-- GIVEN DATA follows --

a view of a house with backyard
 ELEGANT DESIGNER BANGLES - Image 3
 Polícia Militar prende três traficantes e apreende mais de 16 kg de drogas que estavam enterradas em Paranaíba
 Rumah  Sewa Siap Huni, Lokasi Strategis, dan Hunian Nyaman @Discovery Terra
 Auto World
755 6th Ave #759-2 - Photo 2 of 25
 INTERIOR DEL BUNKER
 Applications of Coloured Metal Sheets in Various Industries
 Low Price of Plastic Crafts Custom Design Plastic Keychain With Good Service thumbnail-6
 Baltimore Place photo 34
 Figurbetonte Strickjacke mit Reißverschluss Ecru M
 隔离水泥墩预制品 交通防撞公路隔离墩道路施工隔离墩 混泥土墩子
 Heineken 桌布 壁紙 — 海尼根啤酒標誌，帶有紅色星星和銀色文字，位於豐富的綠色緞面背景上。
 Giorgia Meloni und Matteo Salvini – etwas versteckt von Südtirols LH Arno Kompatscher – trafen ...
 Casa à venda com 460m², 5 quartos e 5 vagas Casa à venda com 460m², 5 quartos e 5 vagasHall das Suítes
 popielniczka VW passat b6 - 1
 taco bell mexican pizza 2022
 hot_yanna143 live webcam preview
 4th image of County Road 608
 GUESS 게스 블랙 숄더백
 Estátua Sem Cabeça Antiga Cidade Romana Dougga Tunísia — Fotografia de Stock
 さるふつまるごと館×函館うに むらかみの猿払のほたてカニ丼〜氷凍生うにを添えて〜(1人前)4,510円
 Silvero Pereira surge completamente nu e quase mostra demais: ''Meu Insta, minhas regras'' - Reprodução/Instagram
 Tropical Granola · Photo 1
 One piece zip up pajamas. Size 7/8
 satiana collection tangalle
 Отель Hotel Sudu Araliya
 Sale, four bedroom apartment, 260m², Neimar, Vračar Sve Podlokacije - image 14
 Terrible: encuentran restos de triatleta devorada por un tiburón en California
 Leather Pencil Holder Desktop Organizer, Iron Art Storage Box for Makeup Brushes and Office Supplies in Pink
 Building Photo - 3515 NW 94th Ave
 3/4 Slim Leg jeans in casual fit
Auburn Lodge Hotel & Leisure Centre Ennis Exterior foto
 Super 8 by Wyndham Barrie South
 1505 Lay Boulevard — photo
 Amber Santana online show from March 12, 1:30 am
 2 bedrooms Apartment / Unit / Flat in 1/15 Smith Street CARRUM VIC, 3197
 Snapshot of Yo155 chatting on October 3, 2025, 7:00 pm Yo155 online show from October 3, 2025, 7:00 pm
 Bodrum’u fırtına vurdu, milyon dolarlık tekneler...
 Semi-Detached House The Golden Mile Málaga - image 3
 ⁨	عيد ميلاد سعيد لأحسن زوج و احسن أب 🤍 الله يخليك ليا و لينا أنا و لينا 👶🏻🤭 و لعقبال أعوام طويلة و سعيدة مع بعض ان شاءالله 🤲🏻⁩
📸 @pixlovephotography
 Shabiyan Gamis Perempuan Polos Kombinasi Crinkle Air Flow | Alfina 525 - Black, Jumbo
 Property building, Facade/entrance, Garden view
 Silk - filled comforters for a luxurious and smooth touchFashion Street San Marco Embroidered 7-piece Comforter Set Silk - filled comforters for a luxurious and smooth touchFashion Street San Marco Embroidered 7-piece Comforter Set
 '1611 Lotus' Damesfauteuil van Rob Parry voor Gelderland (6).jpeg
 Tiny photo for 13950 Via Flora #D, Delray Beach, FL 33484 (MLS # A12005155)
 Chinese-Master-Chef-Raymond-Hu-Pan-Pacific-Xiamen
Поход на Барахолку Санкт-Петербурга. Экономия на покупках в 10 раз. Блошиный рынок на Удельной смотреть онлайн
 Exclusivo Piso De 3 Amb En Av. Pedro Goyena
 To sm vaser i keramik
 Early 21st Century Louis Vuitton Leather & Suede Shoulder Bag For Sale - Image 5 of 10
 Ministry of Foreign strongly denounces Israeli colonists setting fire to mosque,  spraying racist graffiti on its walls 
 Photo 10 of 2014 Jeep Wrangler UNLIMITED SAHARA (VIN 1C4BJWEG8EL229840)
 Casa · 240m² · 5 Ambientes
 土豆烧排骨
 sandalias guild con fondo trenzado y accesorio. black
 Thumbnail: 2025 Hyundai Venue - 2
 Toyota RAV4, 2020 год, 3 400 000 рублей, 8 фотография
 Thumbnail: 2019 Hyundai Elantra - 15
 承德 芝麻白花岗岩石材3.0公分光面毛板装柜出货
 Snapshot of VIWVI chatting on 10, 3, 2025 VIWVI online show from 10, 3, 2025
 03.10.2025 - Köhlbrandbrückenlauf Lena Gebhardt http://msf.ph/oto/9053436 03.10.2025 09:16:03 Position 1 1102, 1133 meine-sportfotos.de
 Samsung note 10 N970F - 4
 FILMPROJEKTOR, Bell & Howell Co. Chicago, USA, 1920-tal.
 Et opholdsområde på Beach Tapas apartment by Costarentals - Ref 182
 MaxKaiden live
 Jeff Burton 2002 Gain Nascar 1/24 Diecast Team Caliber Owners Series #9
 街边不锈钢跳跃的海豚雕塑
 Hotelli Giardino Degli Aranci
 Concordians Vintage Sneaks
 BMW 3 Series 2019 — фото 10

-- GIVEN DATA concluded --

* [WORK TASK]: Wherever a line in the entries above holds "Series", copy that line.

* [EXPECTED ANSWER]:
 Jeff Burton 2002 Gain Nascar 1/24 Diecast Team Caliber Owners Series #9
 BMW 3 Series 2019 — фото 10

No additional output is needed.